Pete spent much of his time working with the Almanac Singers, but he also was involved with other activities. He appeared regularly on Alan Lomax’s two CBS radio programs, American School of the Air and Wellsprings of Music, as well as Henrietta Yurchenco’s folk program on WNYC. As she would later recall about their first meeting: “The engineer set up the microphone in the studio; Pete tuned his banjo and began to sing, his Adam’s apple bobbing up and down. Within minutes we were all attention. The engineer reached for his telephone to alert the entire station, the control room filled with announcers, the program director, and our publicity writers. We knew we had a star in our midst. ‘Pete,’ I said, ‘you’re wonderful. Please, come here whenever you like.’ And we’ve remained friends since then.* Despite his radical politics, Pete was invited to perform at the Music Educators National Conference in Milwaukee on March 29, 1941. Pete would long cherish his role as an educator, introducing children and adults to the fascinating world of folk music.

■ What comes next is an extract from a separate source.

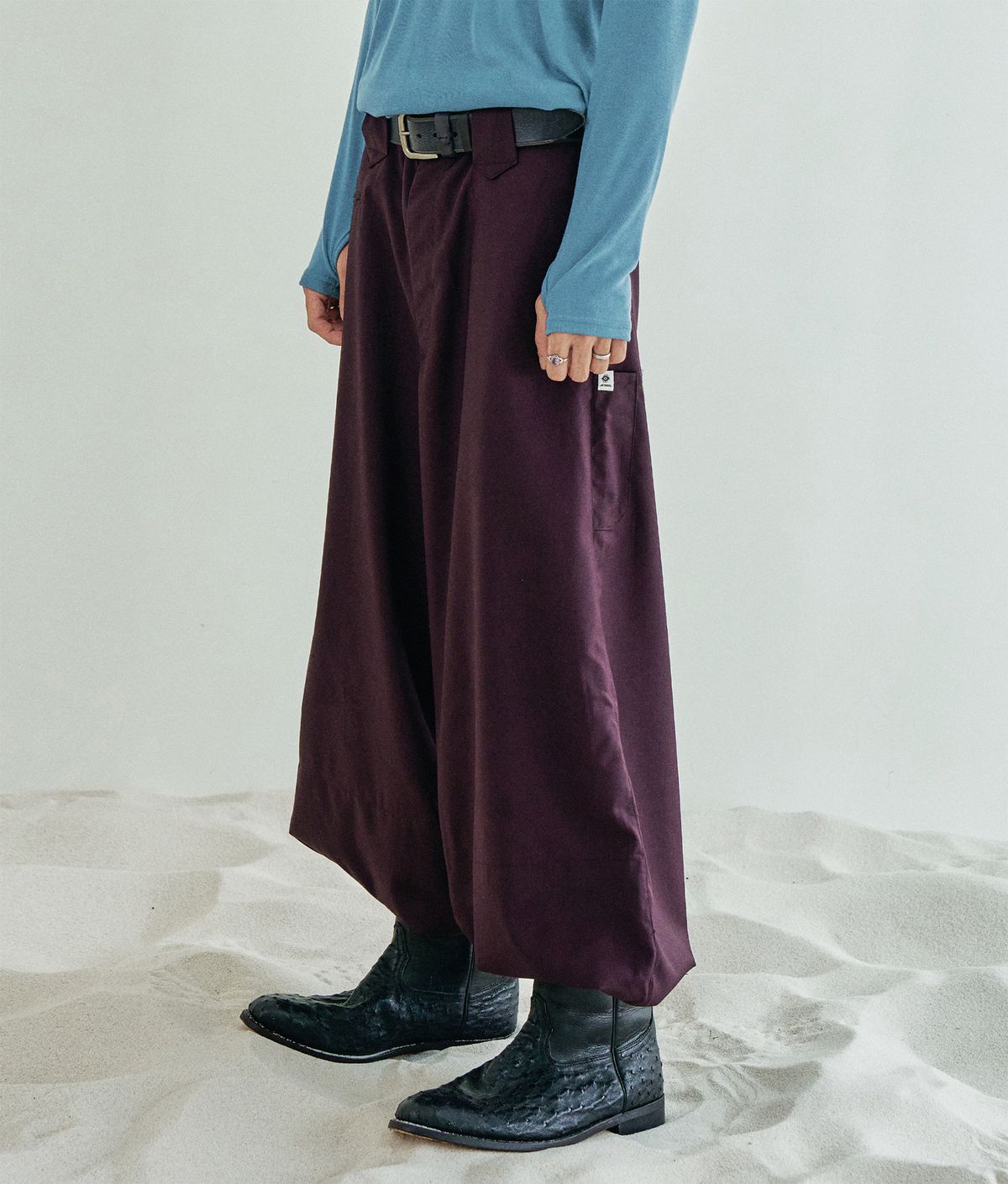 에씰미(ESEELMI) ESEELMI WIDE TOBI PANTS+DURAG SET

The Almanacs kept busy into 1942, giving various concerts and holding rent parties, now termed hootenannies. While on a recording trip to Coahoma County, Mississippi, in August and September 1941, Alan Lomax ran across Eddie “Son” House (1902-1988), a stellar blues performer. House had made a few commercial recordings in 1930 for Paramount Records, but was quite unknown when Lomax recorded him in Robinsonville, Mississippi, for the Library of Congress. In December 1941 Lomax invited House to move to New York and join the Almanacs, “who are friends of mine and very nice people.” A month later he repeated his request: “They need somebody who can make his own songs and play a good guitar, and who is experienced in Negro music …. They have a good chance now for radio singing and for recording also, and unless you have some strong reason against it, I would suggest that you consider the matter seriously.” House did respond positively to Lomax, which led to the letter from the Almanacs, surely written by Pete, encouraging him to make the move, although describing some of their hardships. The Almanacs had worked with Josh White but apparently desired a more regular interracial group. House declined the offer but did move to Rochester, New York, in 1943 to work for the railroad. In 1964 a group of blues students discovered him in Rochester, which launched his revived career.*
During late 1941 and into 1942 the Almanacs had become very pro-war, composing such songs as “The Sinking of the Reuben James,” “Dear Mr. President,” and, particularly, “Round and Round Hitler’s Grave.” These and three others made up their next album, Dear Mr. President, for Keynote in early 1942. On February 14 they performed “Round and Round Hitler’s Grave” for thirty-million listeners on Norman Corwin’s This Is War radio program aired on all of the networks. Being in the national spotlight encouraged conservative journalists to dig into their pro-Soviet past, despite that the Soviet Union was now the country’s military ally. For example, Robert Stephens’ February 1942 article in the New York Post, “‘Peace’ Choir Changes Tune,” stressed their political affiliations: “In addition [to their earlier antiwar songs], the singers are favorites of The New Masses, Communist weekly.” In his scathing review of Dear Mr. President in Billboard, Eugene Burr did not rake up their political background but did feel that their “propaganda seems almost too primitive to appeal even to primitives; some of it is so casually savage that it defeats its own ends.”† The war quickly splintered the Almanacs, with Bess Lomax and Butch Hawes moving to Detroit, soon followed by Sis Cunningham and her husband, Gordon Friesen. Pete was drafted into the army, and Woody joined the Merchant Marine. The Daily Worker kept its readers informed in a short piece in early 1943, while still referring to Pete Bowers.